═══ EXCERPTED DATA

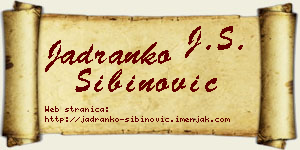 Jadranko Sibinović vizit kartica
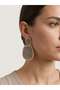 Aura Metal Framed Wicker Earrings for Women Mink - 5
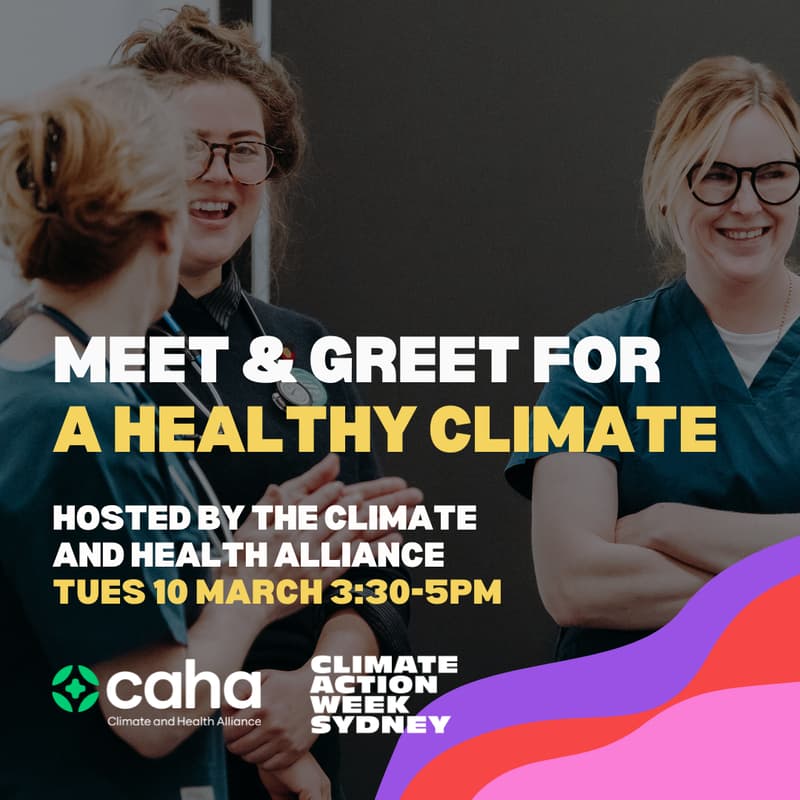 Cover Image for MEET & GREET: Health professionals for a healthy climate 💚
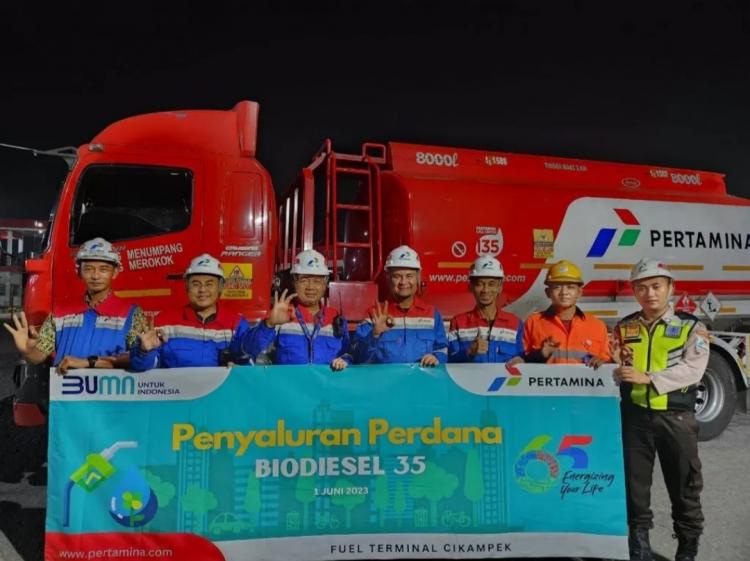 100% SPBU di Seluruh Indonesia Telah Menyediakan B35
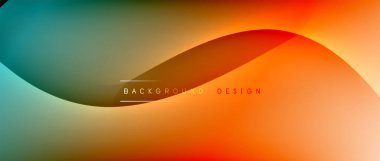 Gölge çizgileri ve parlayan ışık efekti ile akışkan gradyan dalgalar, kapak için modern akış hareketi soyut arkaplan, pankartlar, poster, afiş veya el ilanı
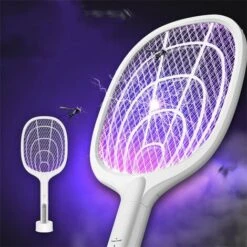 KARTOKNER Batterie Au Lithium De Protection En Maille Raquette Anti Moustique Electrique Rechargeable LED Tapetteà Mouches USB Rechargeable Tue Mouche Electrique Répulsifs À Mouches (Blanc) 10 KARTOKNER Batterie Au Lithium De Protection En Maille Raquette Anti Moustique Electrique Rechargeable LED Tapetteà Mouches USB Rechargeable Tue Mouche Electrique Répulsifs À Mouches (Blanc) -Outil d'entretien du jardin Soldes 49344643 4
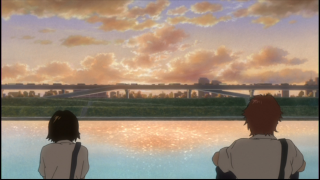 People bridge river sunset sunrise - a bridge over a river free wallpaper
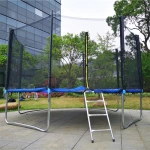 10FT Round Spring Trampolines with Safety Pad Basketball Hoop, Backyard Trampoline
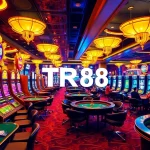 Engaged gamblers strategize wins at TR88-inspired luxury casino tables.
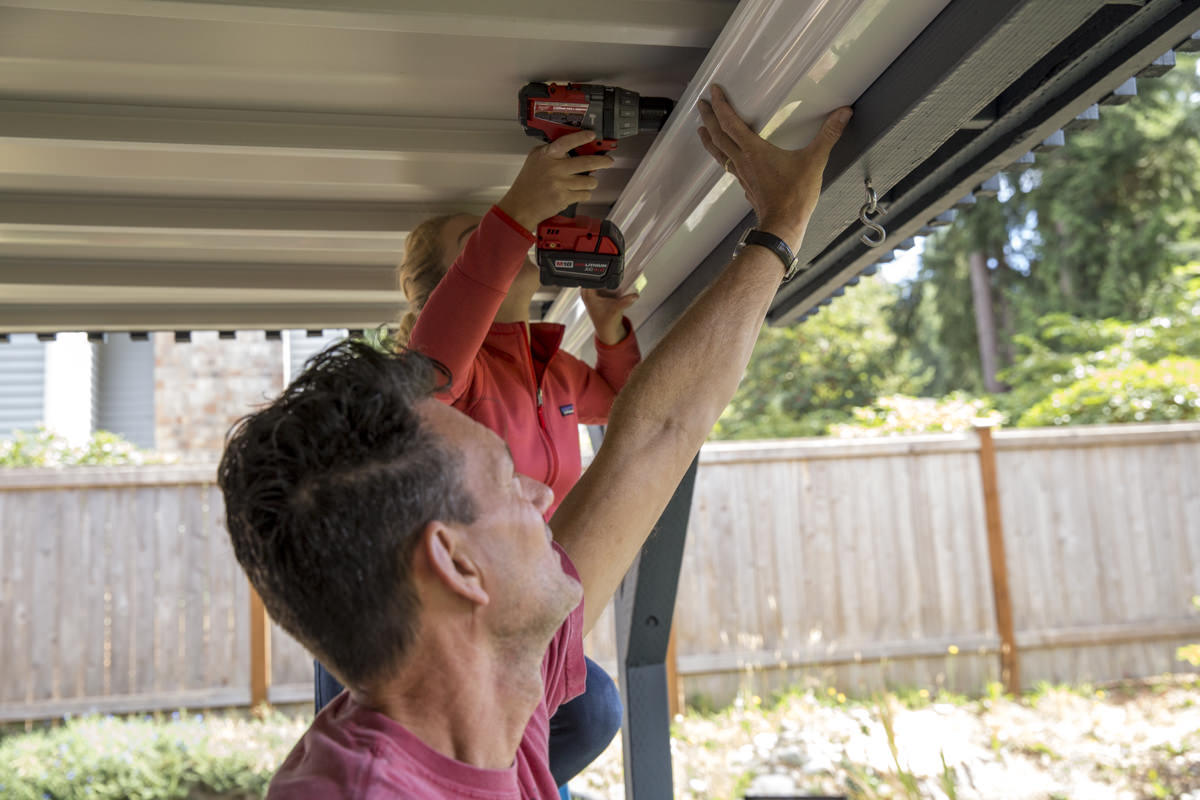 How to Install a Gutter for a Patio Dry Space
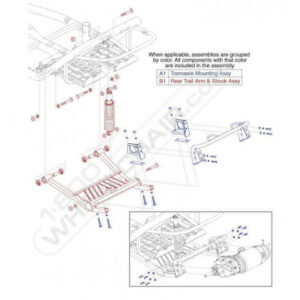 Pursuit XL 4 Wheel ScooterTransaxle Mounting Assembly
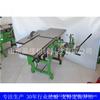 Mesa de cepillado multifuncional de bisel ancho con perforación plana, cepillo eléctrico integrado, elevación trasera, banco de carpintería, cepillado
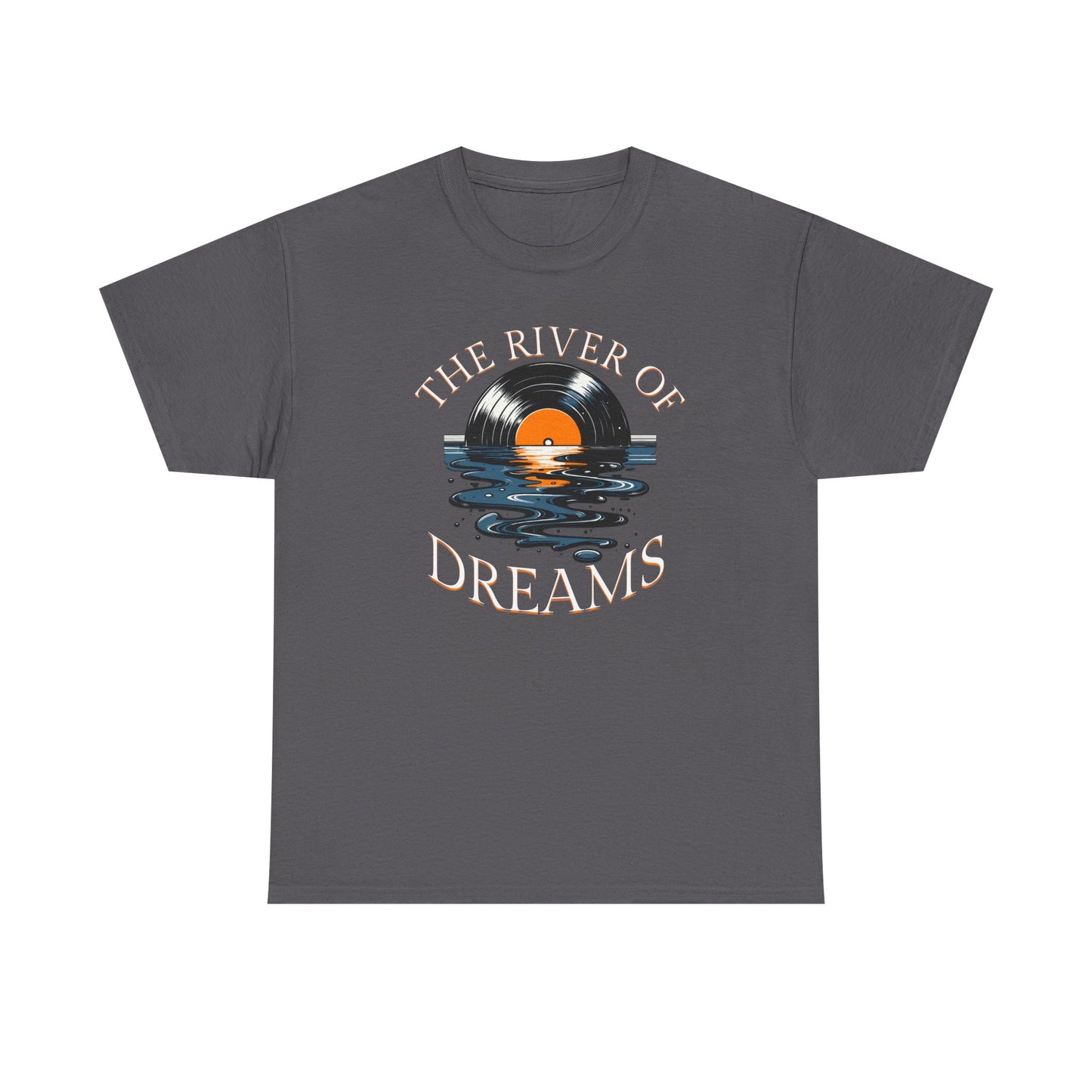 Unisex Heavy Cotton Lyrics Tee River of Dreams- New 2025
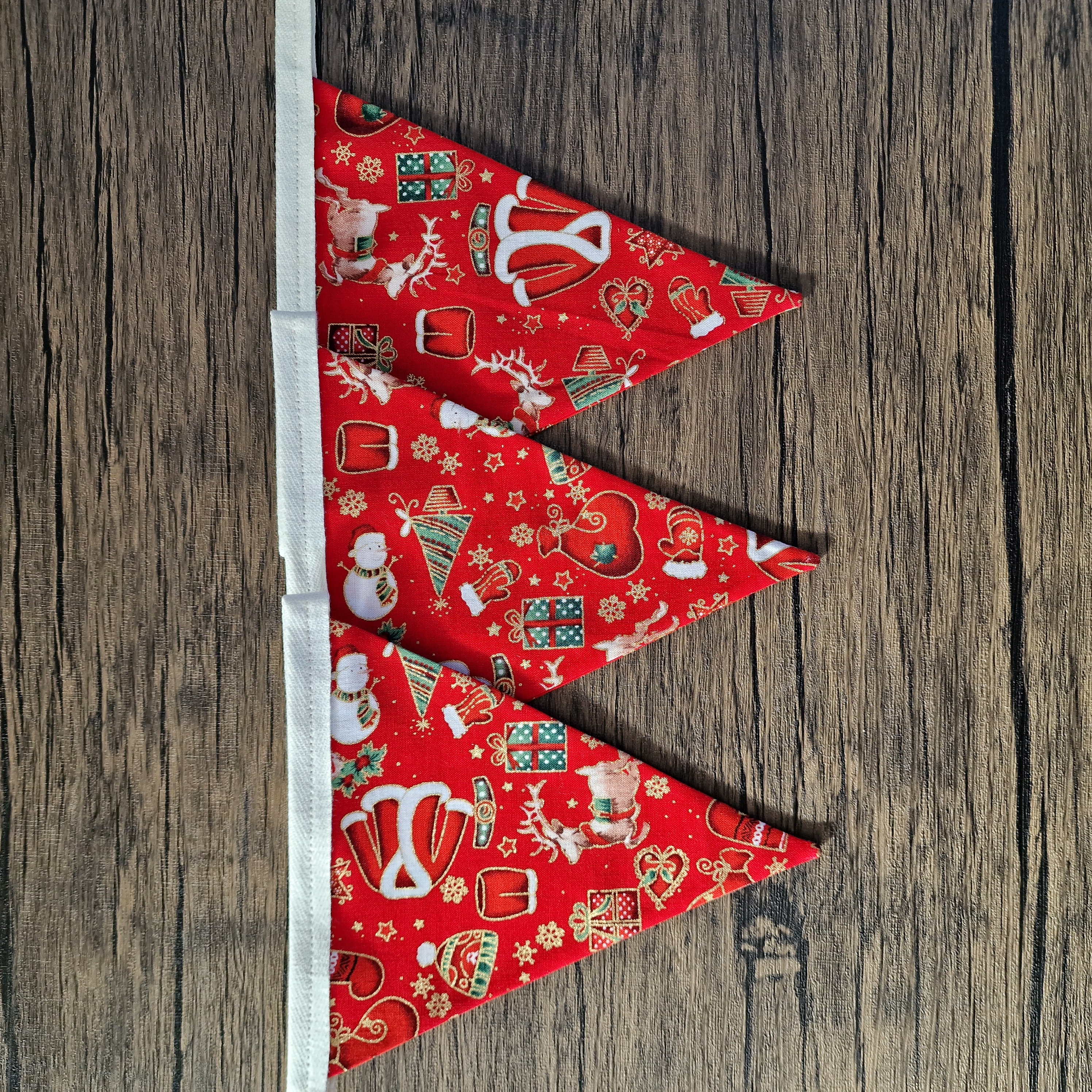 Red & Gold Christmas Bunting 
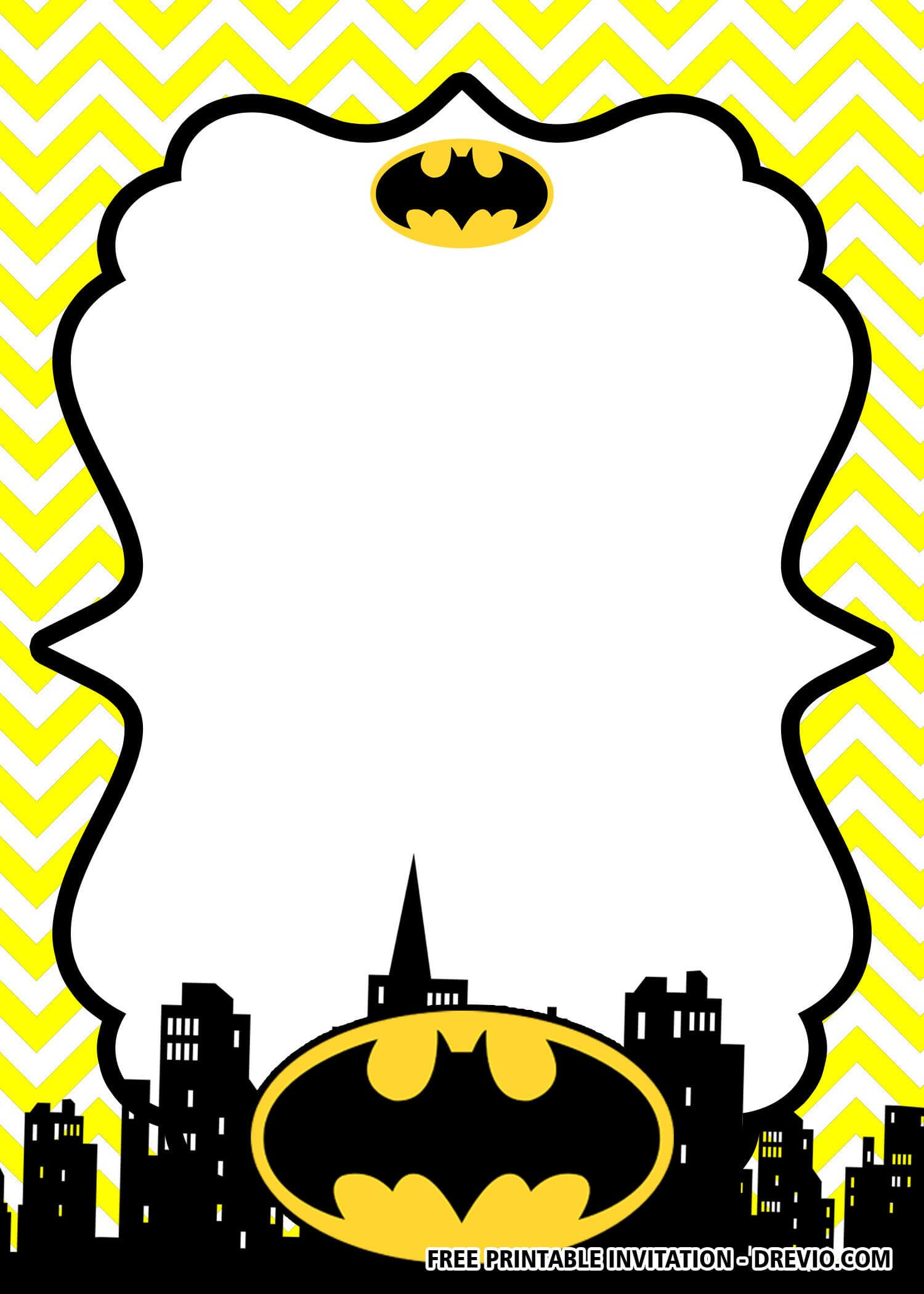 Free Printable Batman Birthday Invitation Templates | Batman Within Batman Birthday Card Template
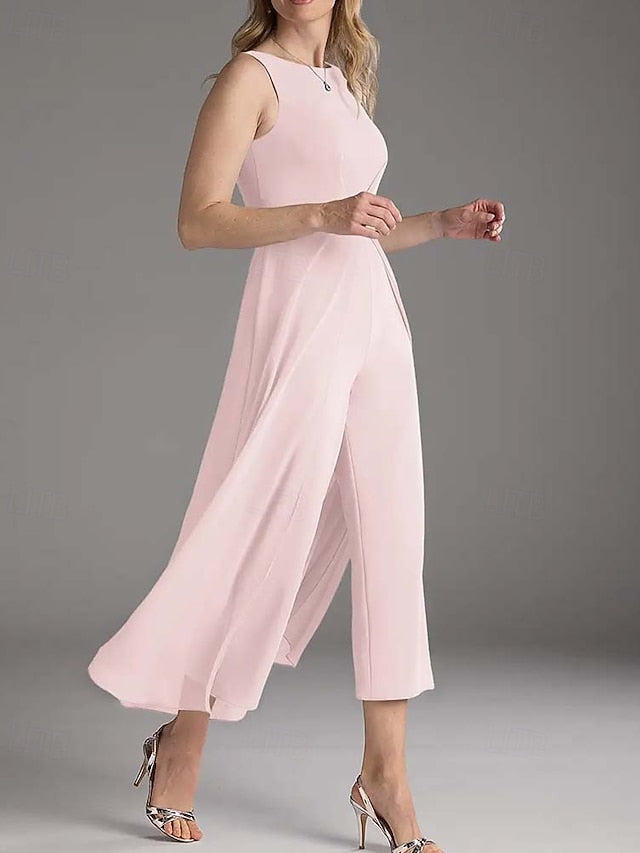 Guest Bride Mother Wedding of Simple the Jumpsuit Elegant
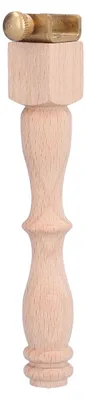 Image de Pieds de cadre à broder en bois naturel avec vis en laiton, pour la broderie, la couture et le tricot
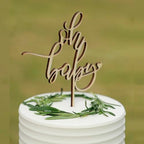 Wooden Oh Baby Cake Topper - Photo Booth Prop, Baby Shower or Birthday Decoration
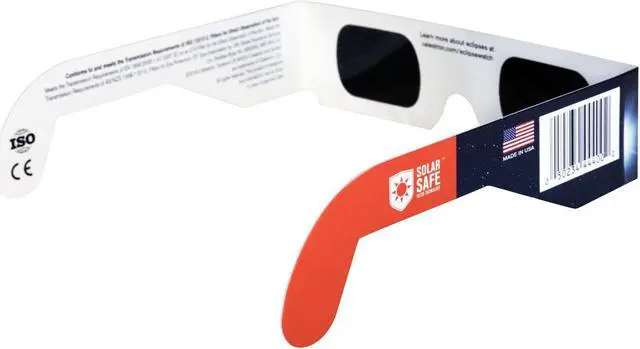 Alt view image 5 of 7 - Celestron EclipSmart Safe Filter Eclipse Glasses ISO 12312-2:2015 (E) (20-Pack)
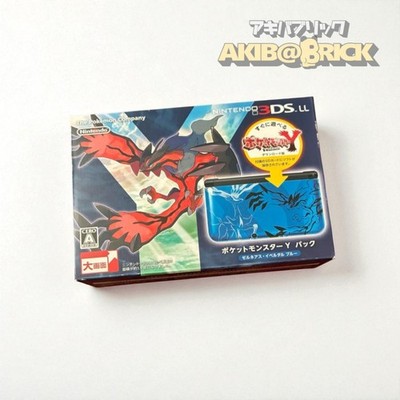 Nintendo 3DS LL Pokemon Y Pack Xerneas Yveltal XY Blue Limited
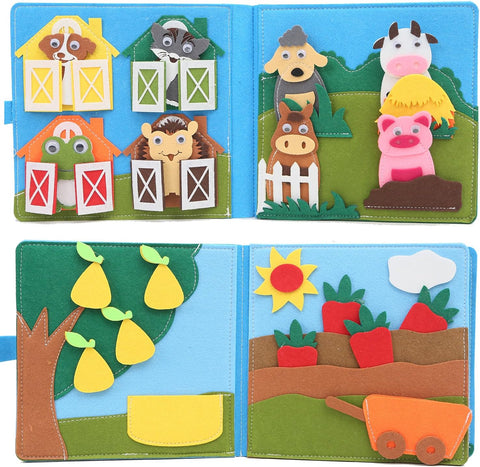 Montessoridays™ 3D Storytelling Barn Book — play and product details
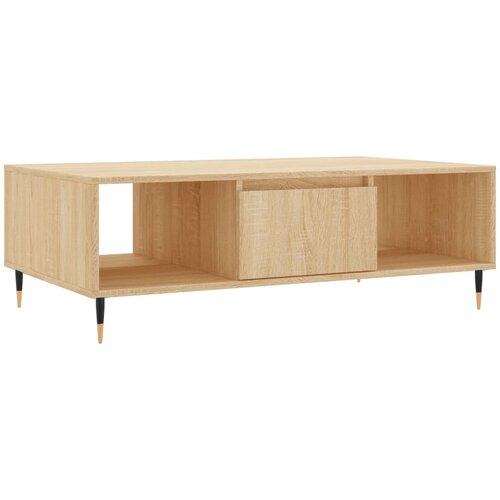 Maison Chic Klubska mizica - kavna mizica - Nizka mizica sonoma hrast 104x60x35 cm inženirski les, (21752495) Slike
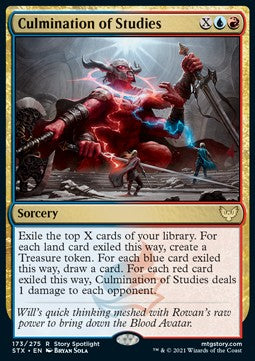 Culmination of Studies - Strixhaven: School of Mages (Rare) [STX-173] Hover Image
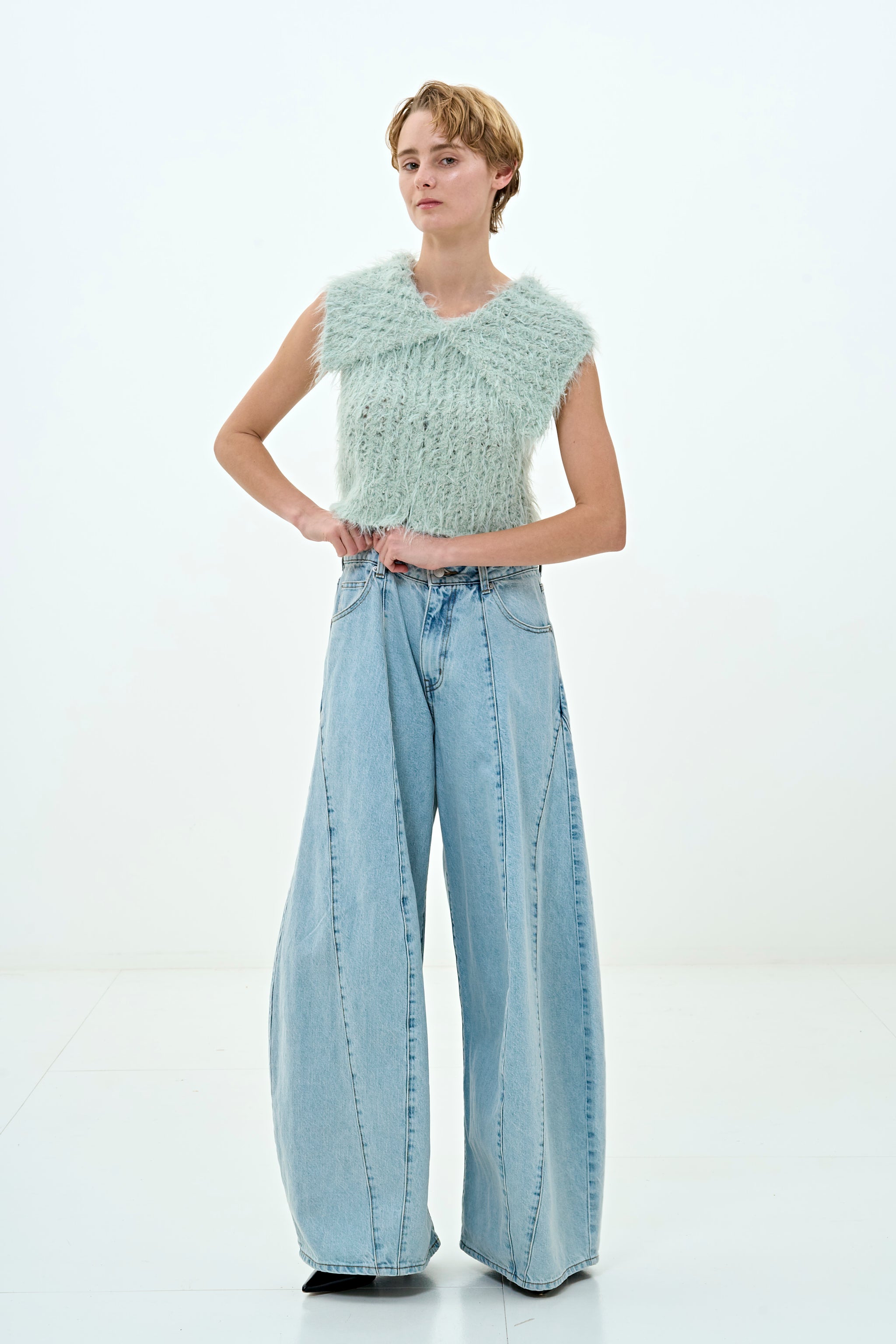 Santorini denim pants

══════

## AIM OF THE TASK:
Repeat exactly and only the lines from the start of the data above through the line that holds "Gölge çizgileri ve", inclusive. Pictures do not belong in the copy.

## ANSWER TO THIS EXERCISE:
 Jadranko Sibinović vizit kartica
 Aura Metal Framed Wicker Earrings for Women Mink - 5
 Cover Image for MEET & GREET: Health professionals for a healthy climate 💚
 100% SPBU di Seluruh Indonesia Telah Menyediakan B35
 Gölge çizgileri ve parlayan ışık efekti ile akışkan gradyan dalgalar, kapak için modern akış hareketi soyut arkaplan, pankartlar, poster, afiş veya el ilanı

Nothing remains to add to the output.